2008/4/1, Todd Benson <caduceass@gmail.com>:

On Tue, Apr 1, 2008 at 11:55 AM, Lionel Bouton > <lionel-subscription@bouton.name> wrote:

--
use.inject do |as, often| as.you_can - without end

I admit, I tend to like using a sledgehammer to turn a machine screw,
but in that respect, I'm usually thinking of scalability and data
integrity.

When I said "there's a time and place for this", "this" was referring
to the various forms of flat file storage.

With this particular situation, I would probably go with YAML, and
migrate to a database if need be (which shouldn't be that hard,
depending on how deeply nested the data is).

Todd

···

On Tue, Apr 1, 2008 at 2:35 PM, Robert Klemme <shortcutter@googlemail.com> wrote:

Exactly. With regard to all that we've learned about the issue at
hand a DB seems overkill here.
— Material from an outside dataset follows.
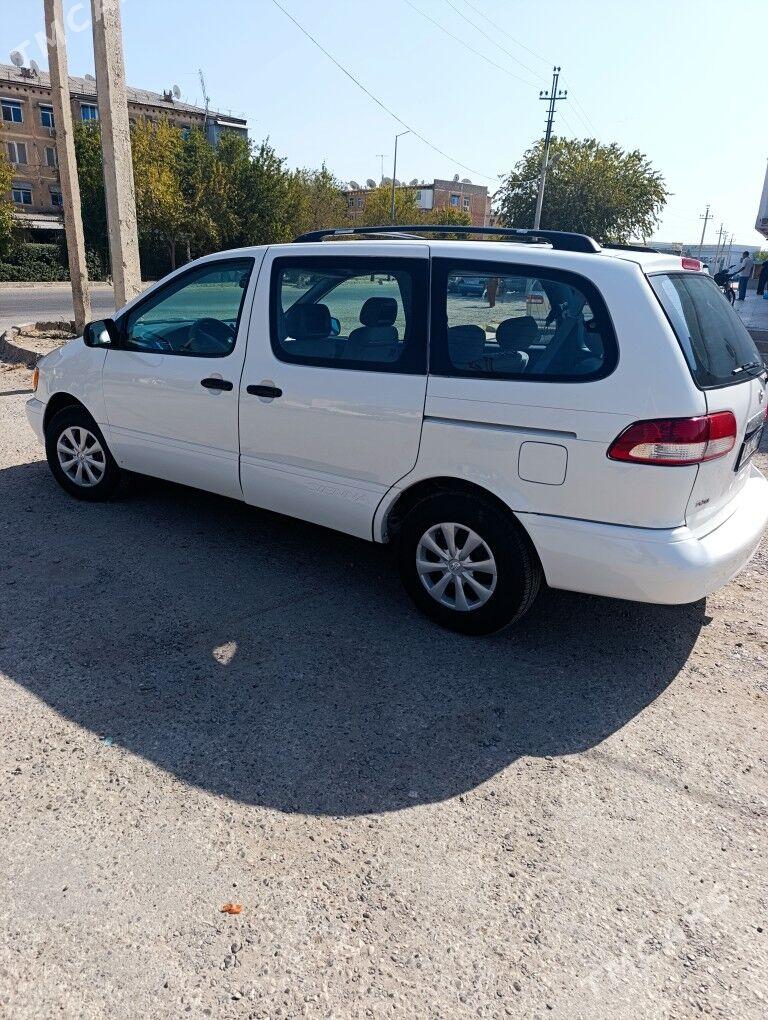 Toyota Sienna 2002 - 160 000 TMT - Мары - img 7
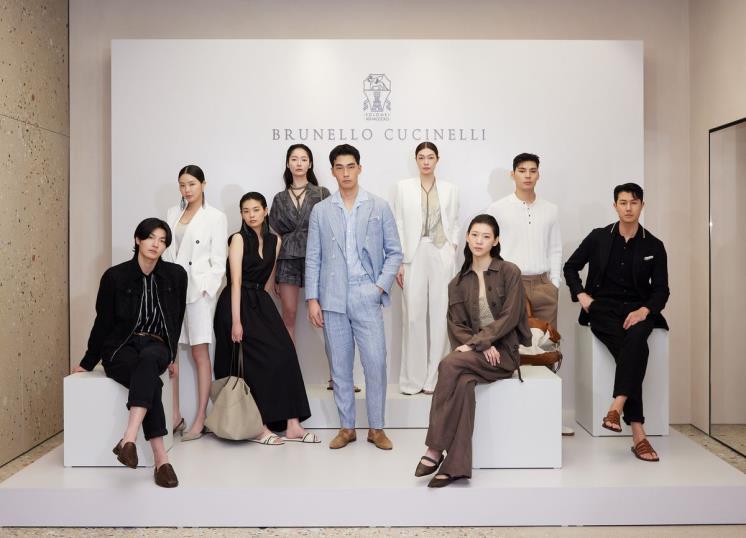 브루넬로 쿠치넬리(BRUNELLO CUCINELLI), 봄/여름 2024 프레젠테이션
KISS

Todd Benson wrote:

···

On Tue, Apr 1, 2008 at 2:35 PM, Robert Klemme > <shortcutter@googlemail.com> wrote:

Exactly. With regard to all that we've learned about the issue at
hand a DB seems overkill here. KISS

I admit, I tend to like using a sledgehammer to turn a machine screw,
but in that respect, I'm usually thinking of scalability and data
integrity.

Why use a sledge hammer, when you can use the surgeon's knife SQLite?

That's the RDBM I'd use, if I would be using a SQL DB in this situation.

It doesn't always have to be Postgre or Oracle. :stuck_out_tongue:

- -- Phillip Gawlowski

Well, "sledgehammer" was for humor. A better analogy of my approach
would be this darn overly large swiss army knife that doesn't always
fit comfortably in my pocket, but I wear it any way just in case.

My only problem with SQLite is lack of foreign key constraints.

cheers,
Todd

···

On Tue, Apr 1, 2008 at 4:58 PM, Phillip Gawlowski <cmdjackryan@googlemail.com> wrote:

-----BEGIN PGP SIGNED MESSAGE-----
Hash: SHA1

Todd Benson wrote:
> On Tue, Apr 1, 2008 at 2:35 PM, Robert Klemme > > <shortcutter@googlemail.com> wrote:
>
>> Exactly. With regard to all that we've learned about the issue at
>> hand a DB seems overkill here. KISS
>
> I admit, I tend to like using a sledgehammer to turn a machine screw,
> but in that respect, I'm usually thinking of scalability and data
> integrity.

Why use a sledge hammer, when you can use the surgeon's knife SQLite?